Patron Saint

Tom Benson transformed New Orleans sports scene
Tom Benson paid a combined $408 million for the New Orleans Saints (in 1985) and New Orleans Pelicans (in 2012). Today, the franchises are worth an estimated $3 billion.


The eternal image of Tom Benson will be of him lifting the Vince Lombardi Trophy after his New Orleans Saints won Super Bowl XLIV in February 2010. The sight of Benson holding the trophy aloft was seared into memories because so many never thought it would happen. When it did, it was because of the steps the team’s owner did to ensure his team was not only winning, but capable of competing with the NFL’s elite teams.

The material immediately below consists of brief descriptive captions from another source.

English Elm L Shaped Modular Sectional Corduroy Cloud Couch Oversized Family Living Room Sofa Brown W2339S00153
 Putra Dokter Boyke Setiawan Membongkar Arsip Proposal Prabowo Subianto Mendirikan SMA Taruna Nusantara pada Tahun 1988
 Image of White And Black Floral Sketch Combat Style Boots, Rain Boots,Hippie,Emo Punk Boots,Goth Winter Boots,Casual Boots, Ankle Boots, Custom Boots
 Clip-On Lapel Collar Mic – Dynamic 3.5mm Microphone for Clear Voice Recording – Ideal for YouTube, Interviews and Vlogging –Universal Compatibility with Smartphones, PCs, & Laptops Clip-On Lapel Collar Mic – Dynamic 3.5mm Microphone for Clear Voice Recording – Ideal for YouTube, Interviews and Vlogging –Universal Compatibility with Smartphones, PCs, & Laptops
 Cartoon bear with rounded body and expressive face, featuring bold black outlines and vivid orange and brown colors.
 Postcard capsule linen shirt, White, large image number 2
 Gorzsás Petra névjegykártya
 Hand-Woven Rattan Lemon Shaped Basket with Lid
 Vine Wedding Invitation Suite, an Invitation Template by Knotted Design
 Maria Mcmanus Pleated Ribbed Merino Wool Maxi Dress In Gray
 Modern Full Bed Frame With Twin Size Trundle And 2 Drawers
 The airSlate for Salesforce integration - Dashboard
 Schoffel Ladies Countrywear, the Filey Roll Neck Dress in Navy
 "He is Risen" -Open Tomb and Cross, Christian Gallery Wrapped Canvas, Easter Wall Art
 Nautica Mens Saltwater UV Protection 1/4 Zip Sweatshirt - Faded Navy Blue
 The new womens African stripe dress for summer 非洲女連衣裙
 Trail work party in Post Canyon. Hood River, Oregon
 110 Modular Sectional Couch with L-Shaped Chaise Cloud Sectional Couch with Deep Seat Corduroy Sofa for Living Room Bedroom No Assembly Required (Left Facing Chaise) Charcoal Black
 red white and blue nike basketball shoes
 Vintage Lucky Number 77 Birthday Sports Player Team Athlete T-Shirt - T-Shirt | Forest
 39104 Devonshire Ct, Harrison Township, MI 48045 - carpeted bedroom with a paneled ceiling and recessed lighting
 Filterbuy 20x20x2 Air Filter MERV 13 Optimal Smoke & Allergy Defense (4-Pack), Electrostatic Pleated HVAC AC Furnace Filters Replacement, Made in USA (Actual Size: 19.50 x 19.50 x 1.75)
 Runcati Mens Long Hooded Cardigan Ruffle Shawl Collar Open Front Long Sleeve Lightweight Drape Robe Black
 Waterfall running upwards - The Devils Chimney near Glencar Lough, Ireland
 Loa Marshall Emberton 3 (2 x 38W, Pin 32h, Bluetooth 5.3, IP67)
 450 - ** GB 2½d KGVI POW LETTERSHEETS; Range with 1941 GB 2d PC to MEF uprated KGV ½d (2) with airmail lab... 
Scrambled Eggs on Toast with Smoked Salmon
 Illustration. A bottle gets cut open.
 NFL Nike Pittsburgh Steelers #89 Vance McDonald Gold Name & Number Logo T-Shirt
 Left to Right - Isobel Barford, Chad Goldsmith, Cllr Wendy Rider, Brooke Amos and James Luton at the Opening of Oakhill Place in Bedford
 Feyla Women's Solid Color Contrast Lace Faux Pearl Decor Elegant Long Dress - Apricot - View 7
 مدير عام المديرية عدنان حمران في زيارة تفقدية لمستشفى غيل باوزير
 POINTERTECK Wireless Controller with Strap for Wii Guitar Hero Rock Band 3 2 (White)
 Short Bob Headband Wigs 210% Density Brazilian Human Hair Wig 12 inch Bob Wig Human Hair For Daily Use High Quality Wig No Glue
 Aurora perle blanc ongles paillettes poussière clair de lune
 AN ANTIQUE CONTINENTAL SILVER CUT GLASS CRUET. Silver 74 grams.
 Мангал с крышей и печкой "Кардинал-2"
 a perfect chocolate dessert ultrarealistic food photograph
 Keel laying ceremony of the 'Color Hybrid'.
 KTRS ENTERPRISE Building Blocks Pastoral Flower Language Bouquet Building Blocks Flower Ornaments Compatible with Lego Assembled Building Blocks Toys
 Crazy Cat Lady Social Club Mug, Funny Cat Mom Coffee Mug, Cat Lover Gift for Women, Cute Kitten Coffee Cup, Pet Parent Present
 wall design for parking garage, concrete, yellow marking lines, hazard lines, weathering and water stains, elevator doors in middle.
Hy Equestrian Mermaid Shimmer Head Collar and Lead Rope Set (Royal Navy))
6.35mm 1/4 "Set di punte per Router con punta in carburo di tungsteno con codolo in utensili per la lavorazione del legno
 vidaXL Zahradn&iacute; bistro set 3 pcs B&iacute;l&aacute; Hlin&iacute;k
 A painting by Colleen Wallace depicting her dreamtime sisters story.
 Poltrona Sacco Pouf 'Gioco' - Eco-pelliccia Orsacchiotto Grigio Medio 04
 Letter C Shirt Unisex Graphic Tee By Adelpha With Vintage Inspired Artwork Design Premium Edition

Benson, 90, passed away peacefully yesterday at Ochsner Medical Center, with his wife, Gayle, by his side, after being hospitalized with the flu in mid-February. He was born on July 12, 1927, in the 7th Ward neighborhood of New Orleans, graduated from St. Aloysius High School (now Brother Martin) in 1944, enlisted in the U.S. Navy to fight in World War II, and returned home to New Orleans and continued his business administration studies at Loyola University. In 1948, he entered the automobile industry as a bookkeeper. In 1958, he moved to San Antonio to run the business operations of a Chevrolet dealership owned by New Orleans car dealer Michael Persia, Sr. By 1962, Benson established a multi-dealership organization with outlets throughout New Orleans and south Texas. He entered banking a decade later.

Tom Benson became a household name across the Gulf South in 1985 when he bought the Saints for $70 million after learning that the team was on the verge of being sold to parties interested in moving the team from New Orleans. In 18 seasons under the team’s original ownership, the Saints were a perennial loser. They won just 30 percent of their games, lost almost 100 more games than they won, and posted a 78-176-5 overall record. In just two years under his leadership, the team posted their first winning season in 1987 and advanced to the playoffs for the first time. During 33 years under Benson, the team won more often than they lost, going 271-256, and was transformed from a doormat into a contender and a champion. Since being purchased by Benson, the Saints have earned 11 playoff berths, six division titles and captured a Super Bowl title.

Benson was heavily involved in the operations of the NFL. He served as chairman of the league’s Finance Committee on three separate occasions and helped New Orleans become a Super Bowl host five times since he purchased the team.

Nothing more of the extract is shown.